Yesterday I had the great good fortune to be up in Clear Creek County west of Denver and although it was snowing or raining all day (give me the snow if I have to work out in wet weather for several hours) the hummingbirds were out zooming around. I love to hear their trills and zooms. They have been back for over a month and already have moved up into the mountains from the foothills. 
BUT, the big surprise -- an albino mule deer. Oh wow! What a beautiful creature. All white. At first we thought it was a bighorn sheep -- all we could see were legs and a bit of a flank, then we thought maybe a young horse because the fur was too smooth for a sheep, then we finally got a view of the head and neck -- a mulie! It was either a yearling or a young doe. What a priviledge to see such a beautiful creature! We were able to watch it for a good 30 or 40 minutes, before it moseyed on. 

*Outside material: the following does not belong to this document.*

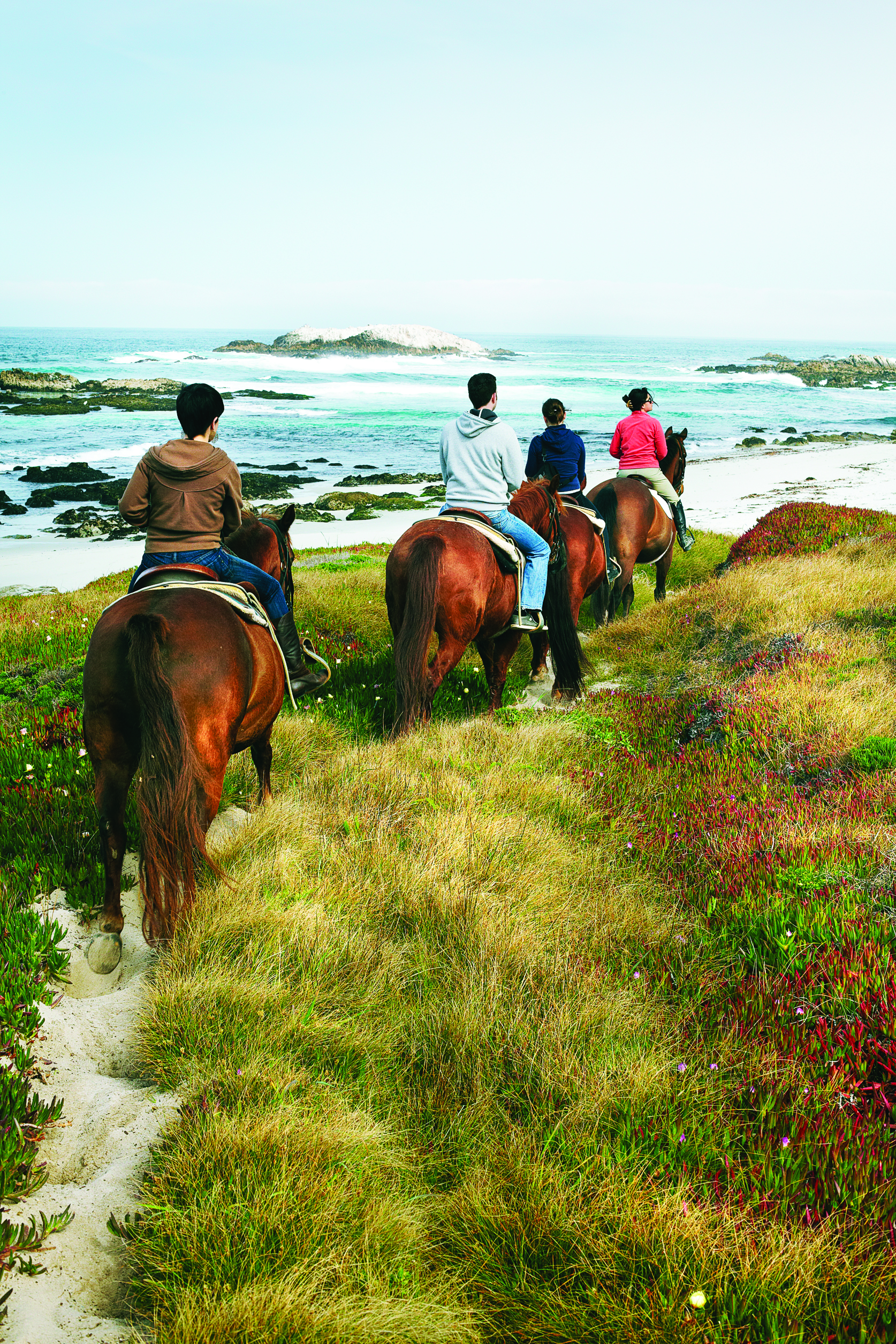 High & Low: Carmel for Every Budget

I don't think it will last for long because it stands out so from any other animal -- great camofluage for snow but not for year-round. Unfortunately for this animal, the area is frequented by cougar (a perfectly designed deer predator) and bears. I may report it to the DOW and see if they can trap and transport it to a protected herd or zoo. I know, not a wild life, but I fear this animal will have a short life span because of its coloration.


----------



## mr squeaks (Apr 14, 2005)

What a great experience!!!

I sure hope the albino Mulie can be helped! Please keep us informed!

HUGS to ALL... 

Shi


----------



## flitsnowzoom (Mar 20, 2007)

*Here's a couple of pictures of the deer*

Hope you like these. Pics were taken at about 50-75 yds away.
Colorado Division of Wildlife does not have a program in place to ensure the safety of an animal such as this. She (unfortunately) lives in cougar and bear country.


----------



## Lovebirds (Sep 6, 2002)

What a georgous animal. Too bad she may not live very long. Man, this world can be cruel.........


----------



## Maggie-NC (Jun 22, 2005)

What a beautiful animal and they are pretty rare. I don't know if we have mule deer in NC but we have an albino deer in the neighborhood although I have never seen it. Thanks for the pictures. Hope Mr. Cougar stays away from her.


----------



## Reti (Jul 20, 2003)

Gorgeous animal. 

Reti


----------



## Avalona Birdy (Apr 12, 2006)

*breath taken away*


----------



## Margarret (May 3, 2007)

What a special and fortunate moment that was to see her appear. Wow! She makes me think of magical creatures.

Margarret


----------



## Skyeking (Jan 17, 2003)

Thanks for sharing, it's priceless!


----------